# Stable Baselines3 Demo

Few things about Stable Baselines3:
* `stable-baselines3` https://github.com/DLR-RM/stable-baselines3 contains the core algorithms.
* `rl-baselines3-zoo` https://github.com/DLR-RM/rl-baselines3-zoo contains additional scripts for training, evaluation, tuning and recording.

In [1]:
# Install dependencies
# pip install stable-baselines3[extra]
#!apt-get update && apt-get install swig cmake
#!pip install box2d-py
#!pip install "stable-baselines3[extra]>=2.0.0a4"

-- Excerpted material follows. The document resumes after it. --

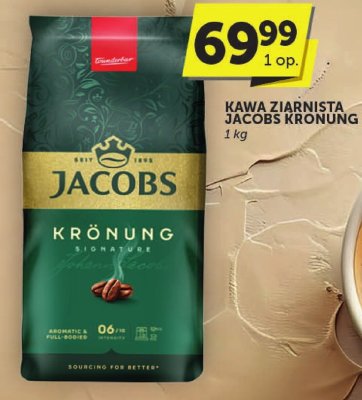 Kawa promocja w Euro Sklep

### Demo - Playing Donkey Kong using DQN

Suppose that we have to design a RL agent to play the atari variant of [Donkey Kong](https://gymnasium.farama.org/environments/atari/donkey_kong/). The following information is given:

| Information        | Value                       |
|--------------------|-----------------------------|
| Action Space       | Discrete(18)                |
| Observation Space  | Box(0, 255, (210, 160, 3), uint8) |
| Import             | `gymnasium.make("ALE/DonkeyKong-v5")` |

[Deep Q-learning](https://en.wikipedia.org/wiki/Q-learning) was originally demonstrated as working directly with frames from atari games (the state space are images from the game). This is made possible because the action value function $q(s,a, \mathbf{w})$ is approximated using a convolutional neural network (CNN), which naturally handles image data. Of course, DQN can also be used with other function approximators. But when using a Multilayer Perceptron (MLP) for example, feature vectors have to be used.

Deep Q-learning can be seen as an extension of Q-learning. As in Q-learning $\epsilon$-greedy action selection is used for exploration and the target is a deterministic greedy policy:
$$
    \pi_*(s) = \underset{a \in \mathcal{A}}{\text{argmax}} \; q_*(s,a).
$$
Just like Q-learning, DQN is not compatible with continuous action spaces. As can be seen from the stable-baselines3 documentation on which gymnasium space is supported:

| Space            | Action     | Observation |
|------------------|------------|-------------|
| Discrete         | ✔️          | ✔️          |
| Box              | ❌          | ✔️          |
| MultiDiscrete    | ❌          | ✔️          |
| MultiBinary      | ❌          | ✔️          |
| Dict             | ❌          | ✔️          |




In [2]:
import gymnasium as gym
from stable_baselines3 import DQN
from stable_baselines3.common.vec_env import VecFrameStack
from stable_baselines3.common.env_util import make_atari_env
from ale_py import ALEInterface
from ale_py.roms import DonkeyKong

ale = ALEInterface()
ale.loadROM(DonkeyKong)

A.L.E: Arcade Learning Environment (version 0.8.1+53f58b7)
[Powered by Stella]
Game console created:
  ROM file:  /home/matthijs/bsc/BachelorProject/.venv/lib/python3.10/site-packages/AutoROM/roms/donkey_kong.bin
  Cart Name: Donkey Kong (198x)
  Cart MD5:  36b20c427975760cb9cf4a47e41369e4
  Display Format:  AUTO-DETECT ==> NTSC
  ROM Size:        4096
  Bankswitch Type: AUTO-DETECT ==> 4K

Running ROM file...
Random seed is 1710203264


In [3]:
env = gym.make('ALE/Breakout-v5')

A.L.E: Arcade Learning Environment (version 0.8.1+53f58b7)
[Powered by Stella]


First, we want to do some common pre-processing that is done on atari environments. This is done with the `make_atari_env` function.

In [4]:
vec_env = make_atari_env("PongNoFrameskip-v4", n_envs=4, seed=0)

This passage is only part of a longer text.